Emptiness disease in the spiritual context is not the same as people mean when in common speech they talk of feeling empty. That is more similar to accidie which we shall come to below. Here emptiness disease is an attachment to an experience of oneness that initially seems intoxicating, but which has the effect of rendering everything in life pointless. In its milder form it shows as an attachment to a clever intellectualism, but in more developed form it results in a supreme indifference. Such people can appear to be terribly wise and have an answer to everything, but it is not an answer that is ultimately satisfying.

Since the body and physical conditions do not yield to this kind of ultimate logic, the person may start to live a double life. They become blind to many aspects of their own real life, being too taken up by the transcendent enthusiasm to notice their own contradictions. If confronted with them, they will just dismiss the matter as illusory dualism.

This kind of false superiority is a fourth kind of meditation sickness.

Self-inflation
This condition can be linked to either of the previous two or can occur independently. As a result of whatever experiences the pertson has had he or she comes to believe that they have attained to a superior condition in which karmic consequence no longer applies in their case. They have transcended karma. A Zen story tells how such a condition can lead to a hundred rebirths as a fox. Like the Emptiness Disease, this is basically a form of self-deception, but can be compelling to the sufferer. There have been notable instances of spiritual leaders going off the rails and abusing their disciples in various ways while still themselves believing that they were being God’s gift to the world.

Sometimes self-inflation can take a more specific form, well documented in the writings of C G Jung where, as he would put it, the personality becomes inflated by an archetype. The person starts to act as though they themselves embody and incarnate a particular archetypal energy. This might be the saviour, the earth mother, the eternal child, the trickster, or whatever. The person is now, as it were, living directly off a particular instinctive energy without any filtering by anxiety born of experience. Such people can be charismatic and compelling to others. They may readily draw a following of people who enjoy the vibrant energy that surrounds such a person. Some meditation practices involve the practitioner in self-identifying with a deity. If such identification becomes “real” for the practitioner, inflation of this kind can sometimes occur.

It is worth noting that this kind of meditation disease is not the same as charlatanry. The person is genuine in his or her self-belief, even though it may be misguided. The charlatan is somebody who deliberately contrives to pretend to a position whereas the self-inflated person is not consciously tricking anybody.

Reactivated Ego Extremes
Any pre-existing ego state can be reactivated or even amplified or exacerbated by meditation practice. In modern thinking such states can be broadly divided into mild (neurotic) and severe (psychotic). This is not the place to give a full tabulation of such conditions. Simply put, neuroses are conditions characterised by unnecessary or inappropriate fear, worry or depletion of energy whereas psychotic ones are states of more severe detachment from ordinary reality. The former can include obsessions, phobias, anxiety states and melancholy. The latter may include paranoia, megalomania, hearing voices, hallucinations, ideas of reference, mania, so-called endogenous depression and other conditions in which the person lives to a substantial degree in a self-generated illusory world. All such states can be considered to be exaggerated ego responses and, only excluding those who are totally spiritually enlightened, everybody has some such elements in some degree.

When such conditions are acute meditation is counter-indicated. Thus a person who has recently suffered a major bereavement should be weeping, not meditating. In many cases, however, it is impossible to discern the underlying condition. A person may present as completely “normal” yet be carrying within all manner of hang-ups. The discipline and sensory deprivation of many meditation practices may trigger old patterns.
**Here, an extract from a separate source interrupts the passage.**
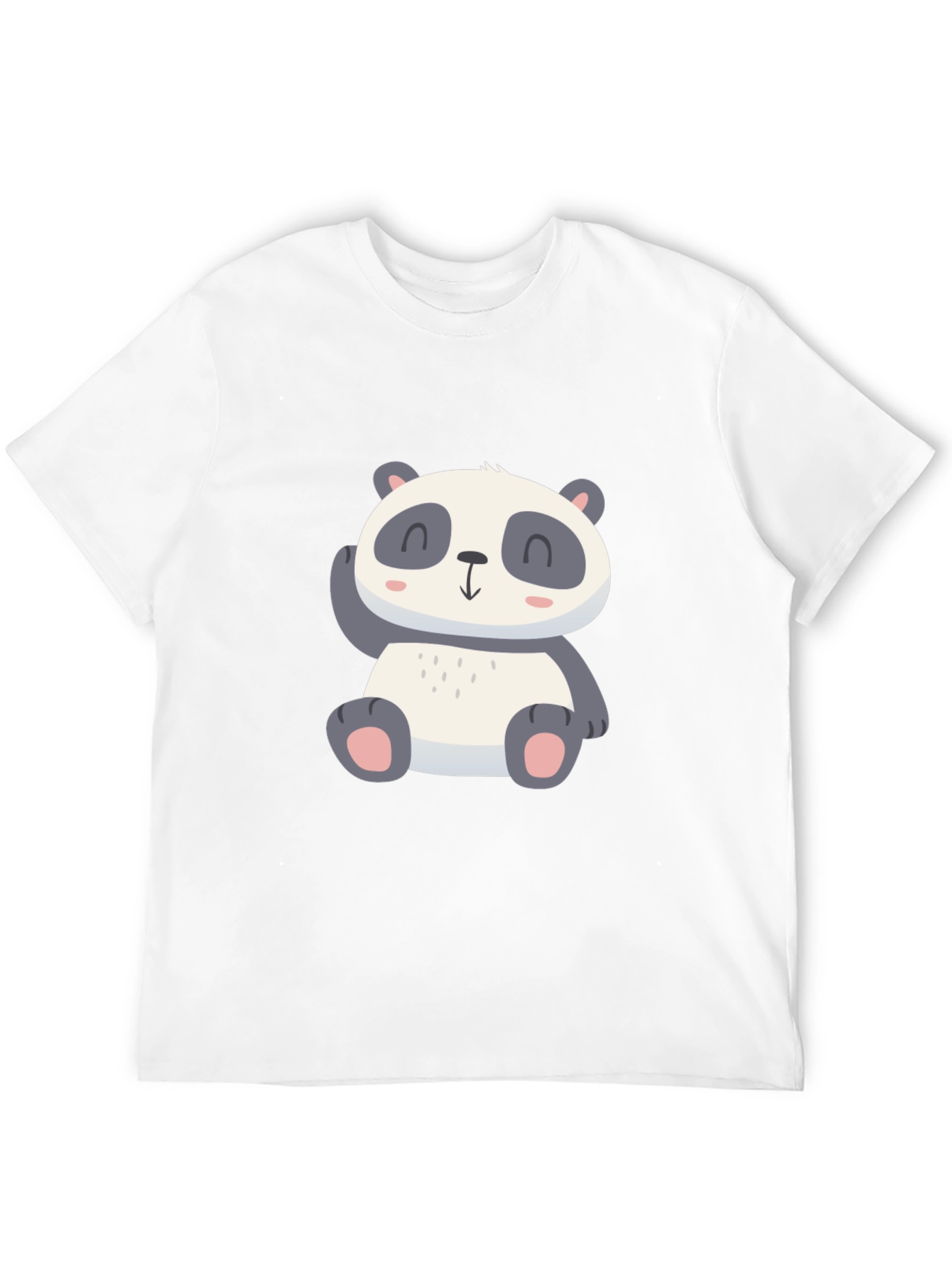 Black Cute Panda Graphic Tee - Soft Cotton Blend view 12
Such ego structures are essentially defenses against internalised passions and meditation is a process that accesses and investigates such internal formations, bringing to the surface content that may have been repressed in the past.

Reactivated extreme ego states are a sixth category of meditation sickness..
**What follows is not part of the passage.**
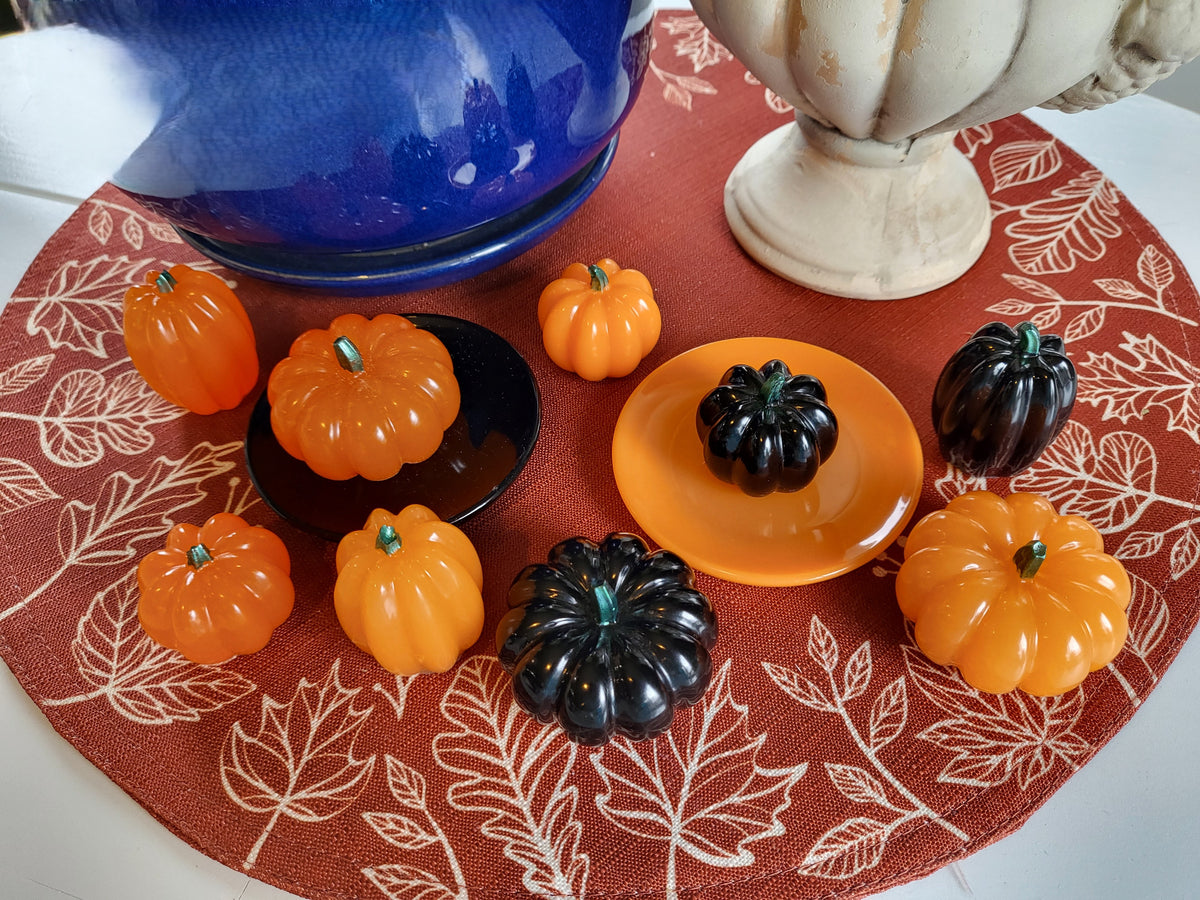 Fall Decor - Pumpkins Mini Trio Set - Black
Loss of contact with instinctive signals
Meditation may increase conscious awareness of bodily signs and signals but increased consciousness may interfere with a more natural connection. It is a common mistake in spirituality to over-value consciousness as though it were the goal of practice. At certain times and phases, one needs conscious awareness and it can be an important stage in learning, but it should not be taken as a goal in and of itself. In excess, it can be counter-productive. Most bodily processes work best without conscious interference. One’s heart, liver, stomach and so on all function perfectly well without instructions from the conscious mind. A central element of consciousness is doubt and an excess of awareness problematises processes that should proceed naturally. A condition can thus arise in which the person loses a natural, unthinking connection with hunger, thirst, the impulse to sleep, feelings of heat and cold and so on. Such detachment from the body can, in some ways, be a spiritual gain, but it can easily also become a handicap. Zen stories that depict enlightenment as a state in which “When hungry, eat, when tired, sleep,” are seeking to guard against this pitfall.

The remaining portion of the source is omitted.